Saturday, April 20, 2013

Today -100: April 20, 1913: No court can tell me what to do

Featured in the NYT Sunday Magazine: “Famous French Duelist Defends ‘Affairs of Honor.’”

Belgian suffrage strike Day 6, still mostly peaceful.

Gov. Coleman Blease of South Carolina ignores a writ of habeas corpus, because “no court can tell me what to do,” and hands two fugitives wanted in New York for financial swindles over to NY detectives, suggesting they get their prisoners out of the state quickly, which they did, with the sheriff trying to serve the writ in hot pursuit in a high-speed car chase for the border.

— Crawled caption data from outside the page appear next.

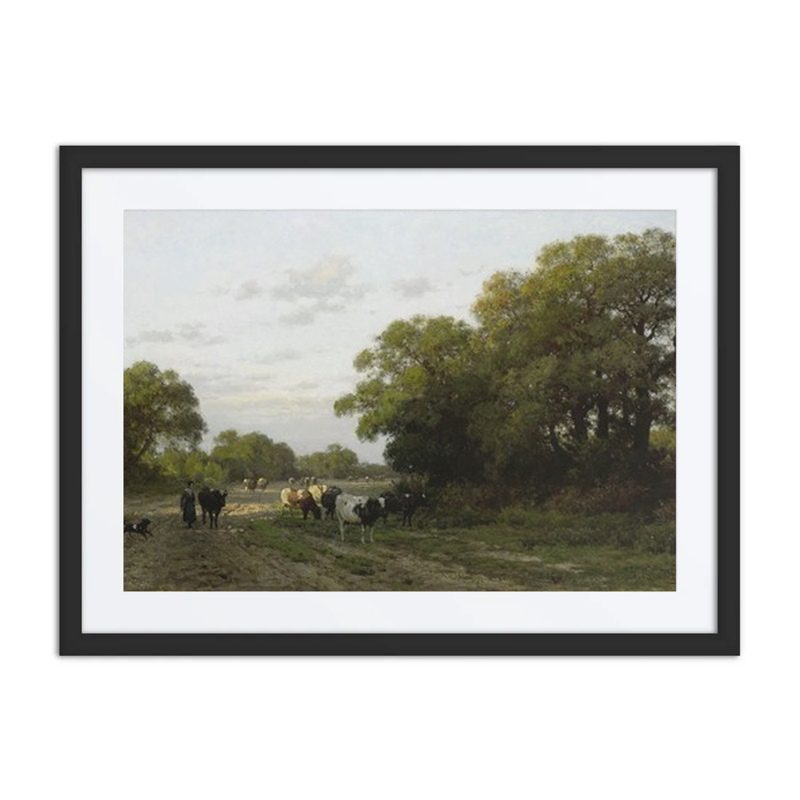 Landschap in Drenthe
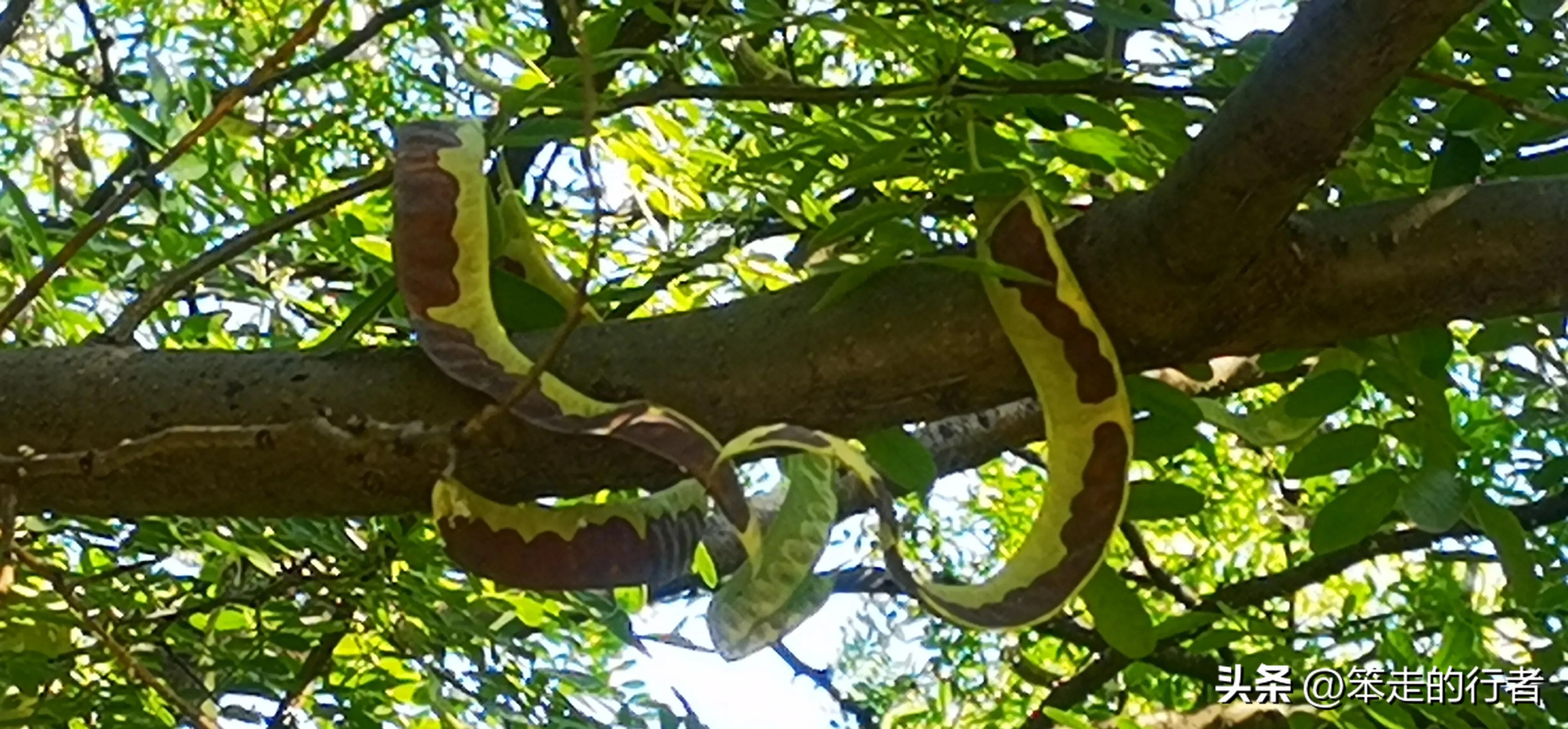 大皂角是皂荚吗,皂荚和长皂角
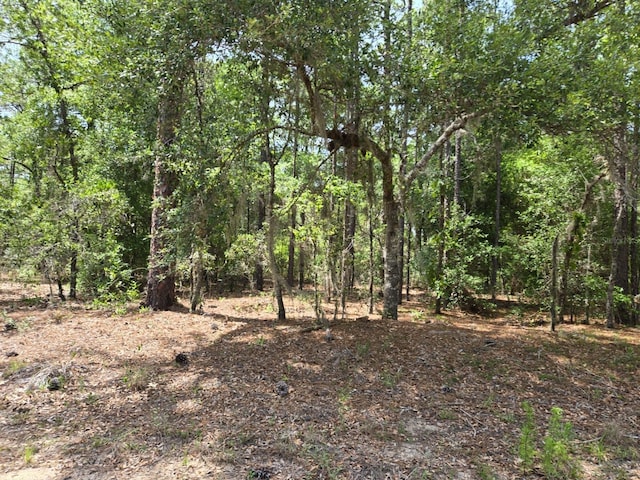 10804 N Adler Dr, Citrus Springs, FL 34434 - photo 4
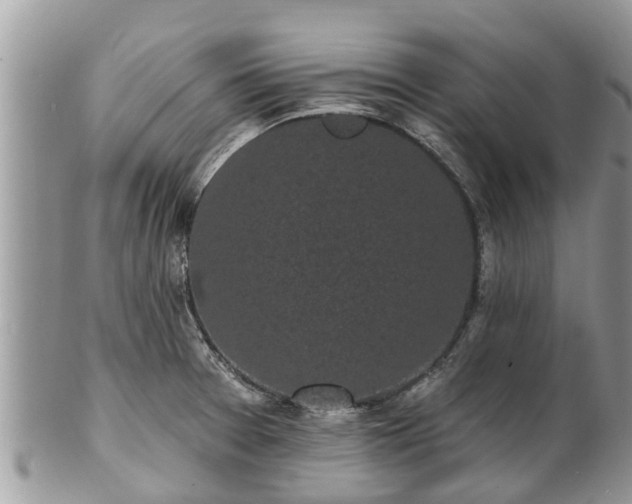 X0000101231377200807071401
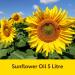Sunflower Oil (5 Liter) Edible Oil Large Container I Frying Oil I Ideal for Cooking Roasts and Sal - Buy Online on GoSupps.com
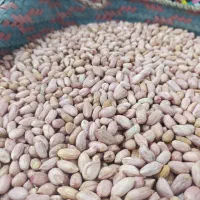 بادام،کره بادام،آجیل و خشکبار، برنج|عمدهفروشی|آستانه اشرفیه, |دیوار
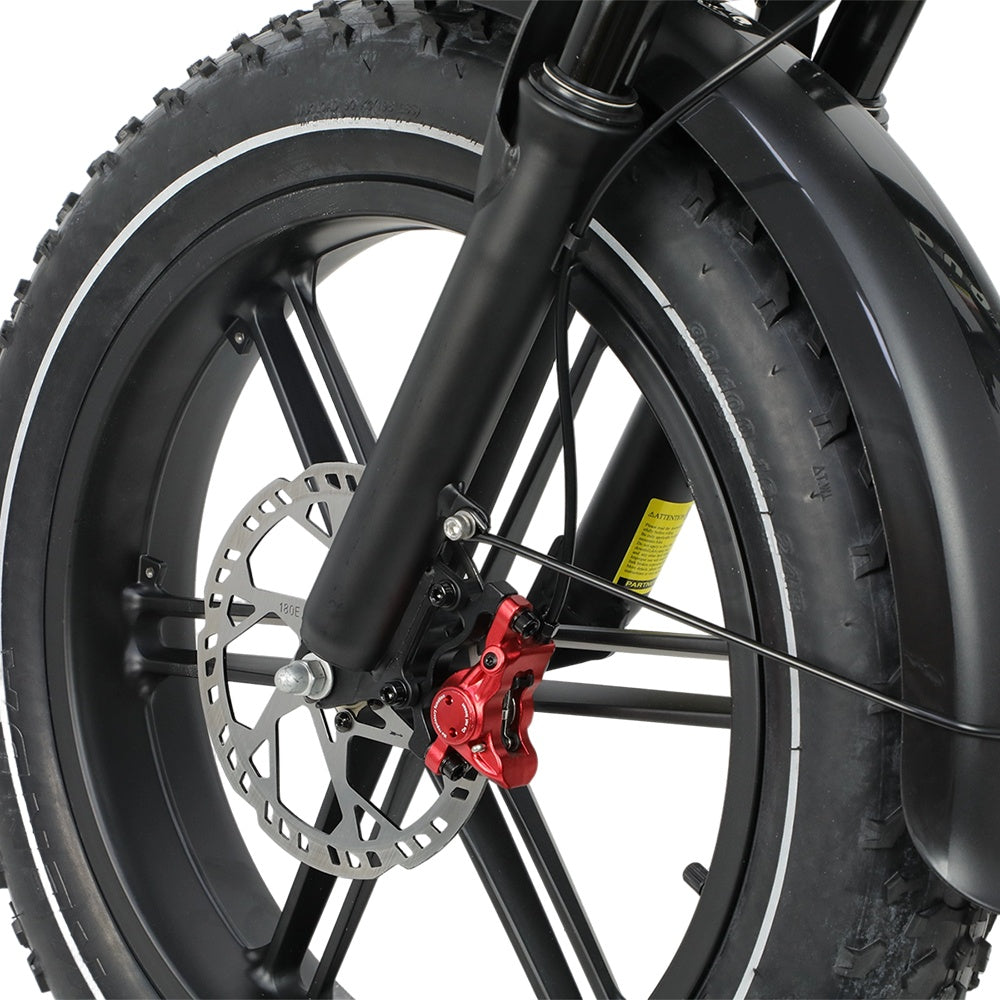 DUOTTS F20 20" Rétro Vélo tout terrain électrique 750W Moteur 52V 27Ah Batterie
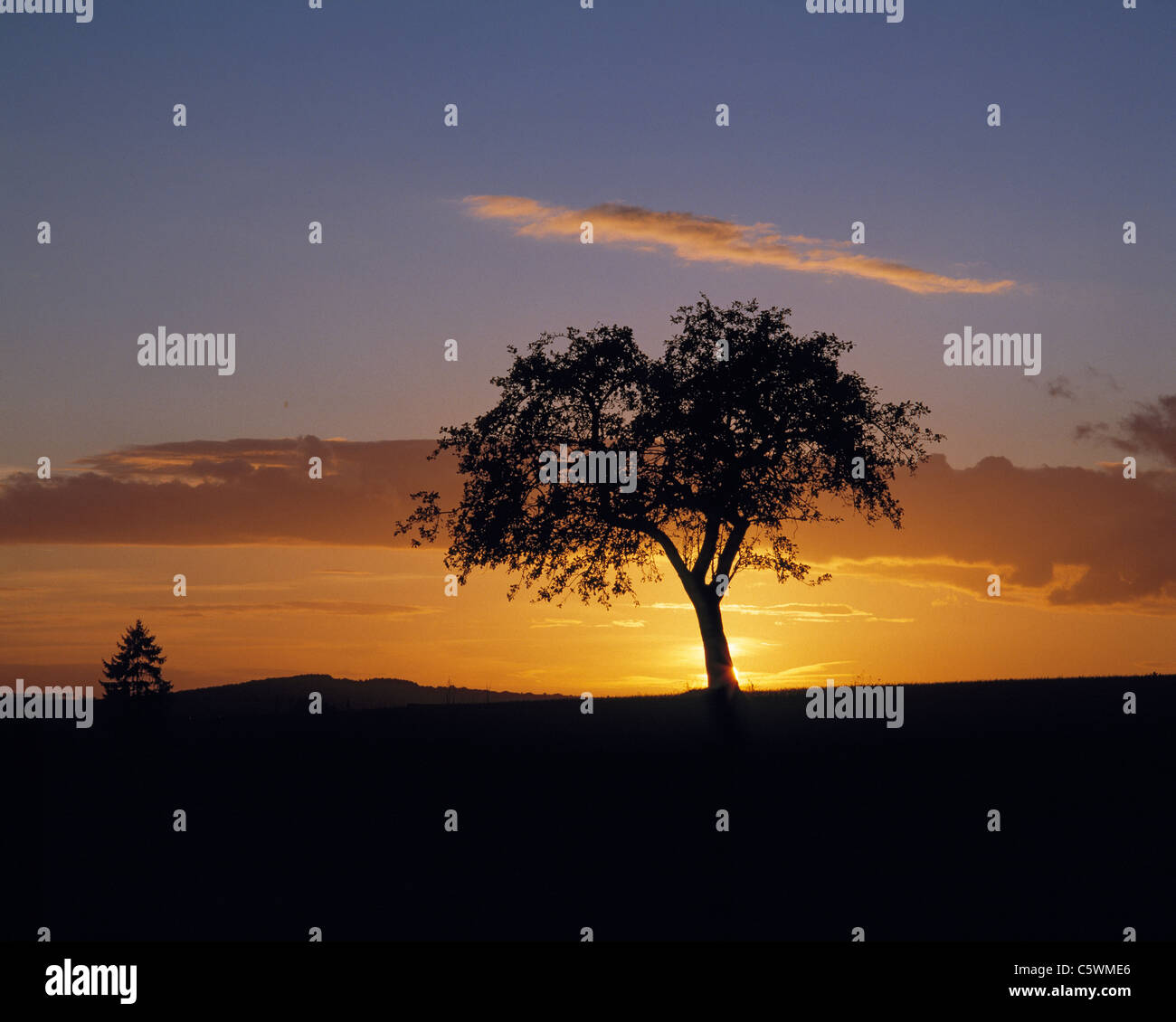Natur, freistehender Laubbaum im Sonnenuntergang, Abendrot und Wolkenhimmel, Deutschland Banque D'Images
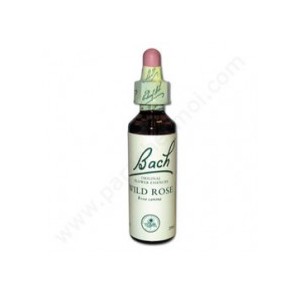 https://www.lherberie.com/1265-thickbox/fleur-de-bach-originale-wild-rose-eglantine-n37-rosa-canina-20-ml.jpg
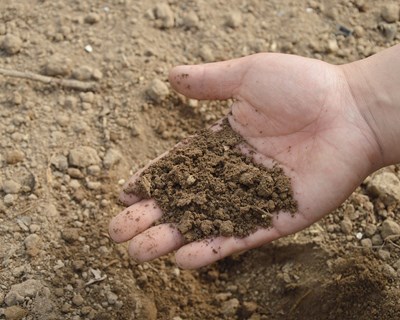 Farm to Fork: novas regras para autorização mais rápida de pesticidas biológicos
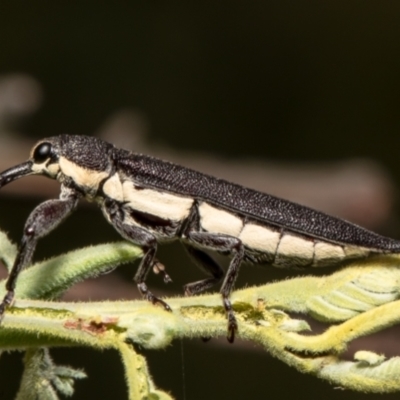 Rhinotia phoenicoptera (Belid weevil) at Aranda Bushland - 23 Dec 2021 by Roger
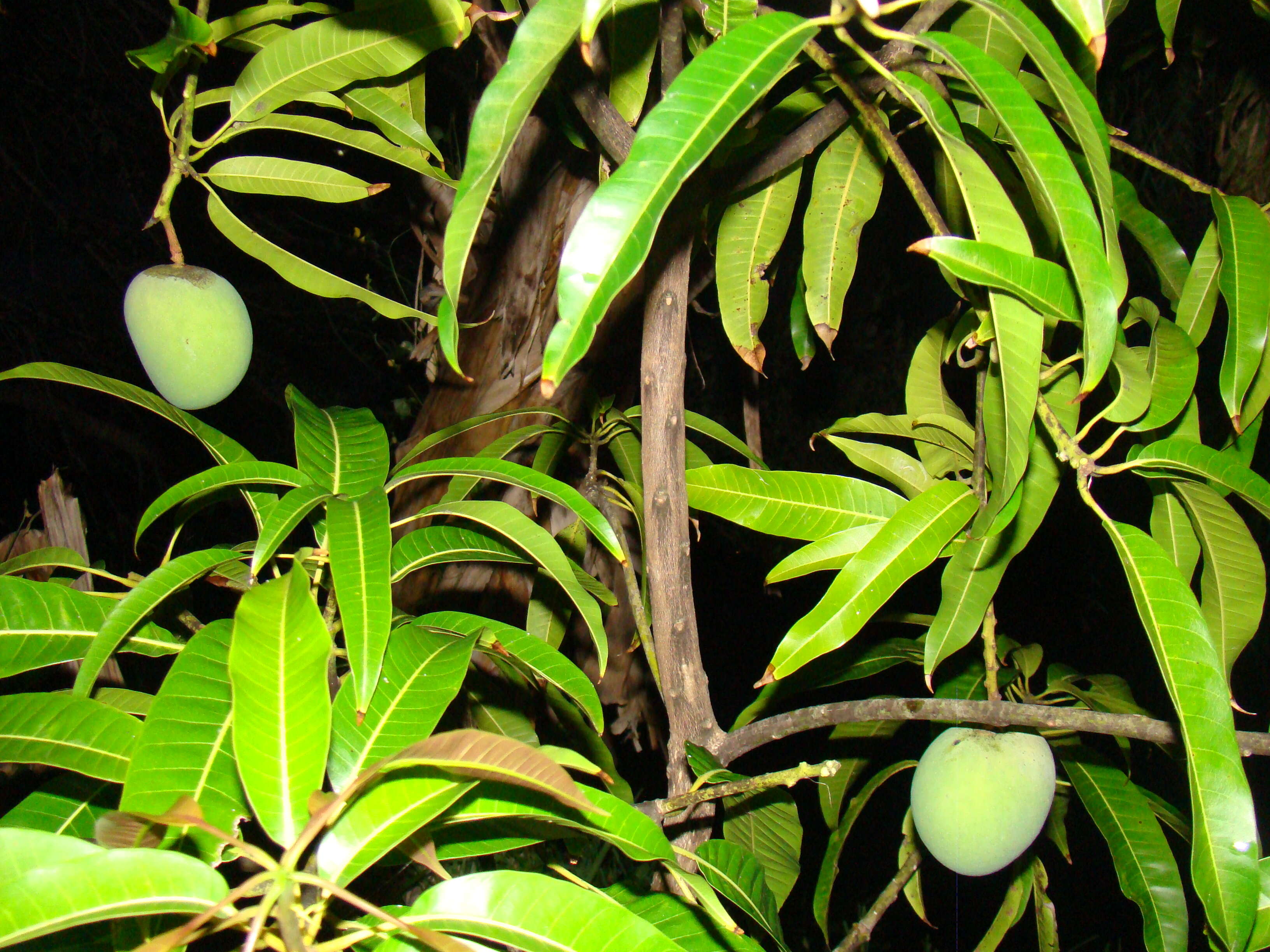 Image of Mango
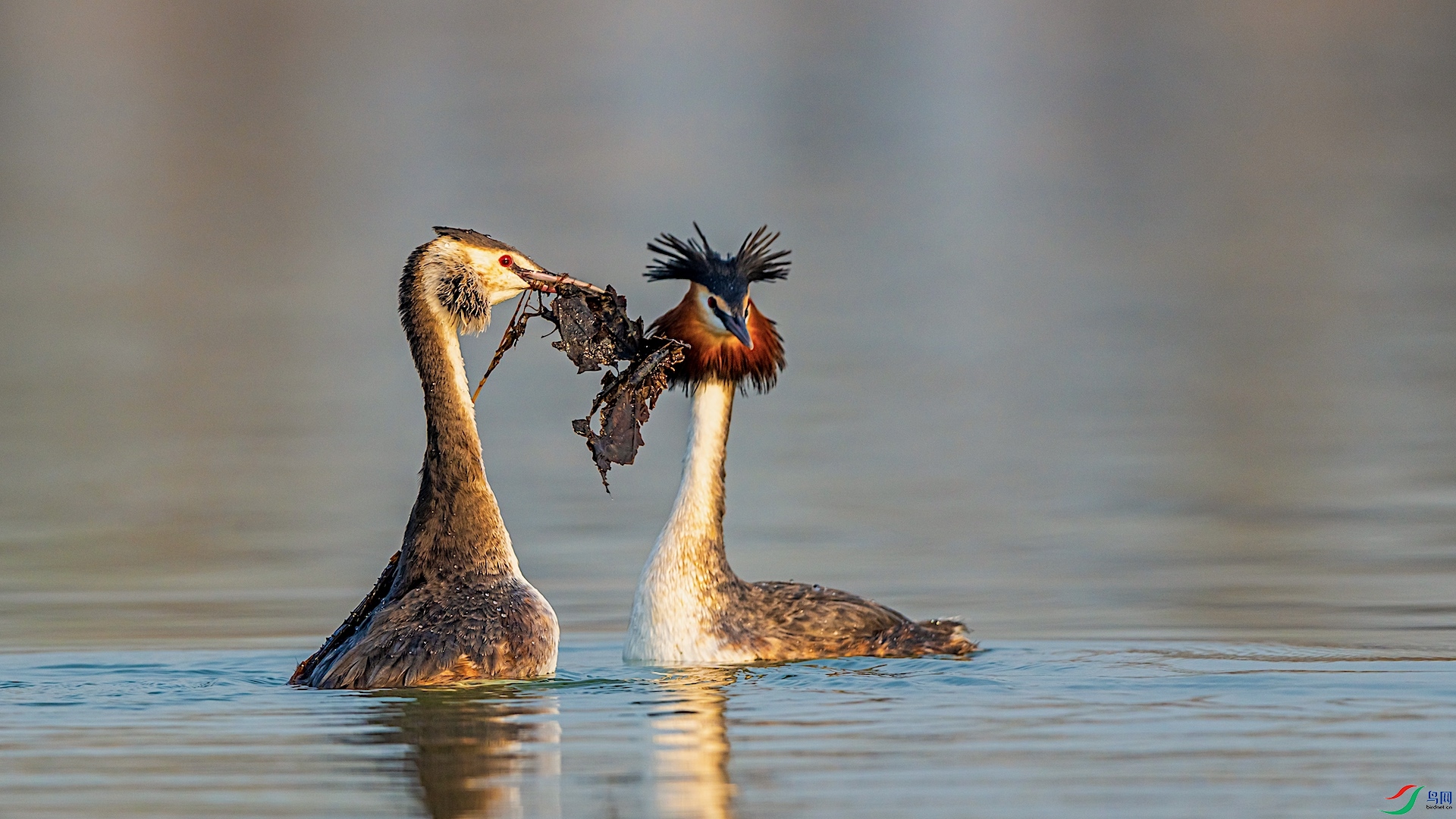 _XXI4763 ����.jpeg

The US Senate Woman Suffrage Committee hears from anti-suffragists. In the audience was “Dr. Mary Walker, who has the statutory right to wear trousers”. The only woman ever to win the Congressional Medal of Honor, and all anyone ever wants to talk about is the trousers (for example, this 1974 biography, “Dr. Mary Walker: The Little Lady in Pants.” Sigh.) A letter from Kate Douglas Wiggin, author of Rebecca of Sunnybrook Farm, is read to the committee: “I would have woman strong enough to keep just a trifle in the background; the limelight never makes anything strong.” A letter from Mary Elliot Seawell, another author, writes that a constitutional amendment would also allow negro women to vote. Which would be bad.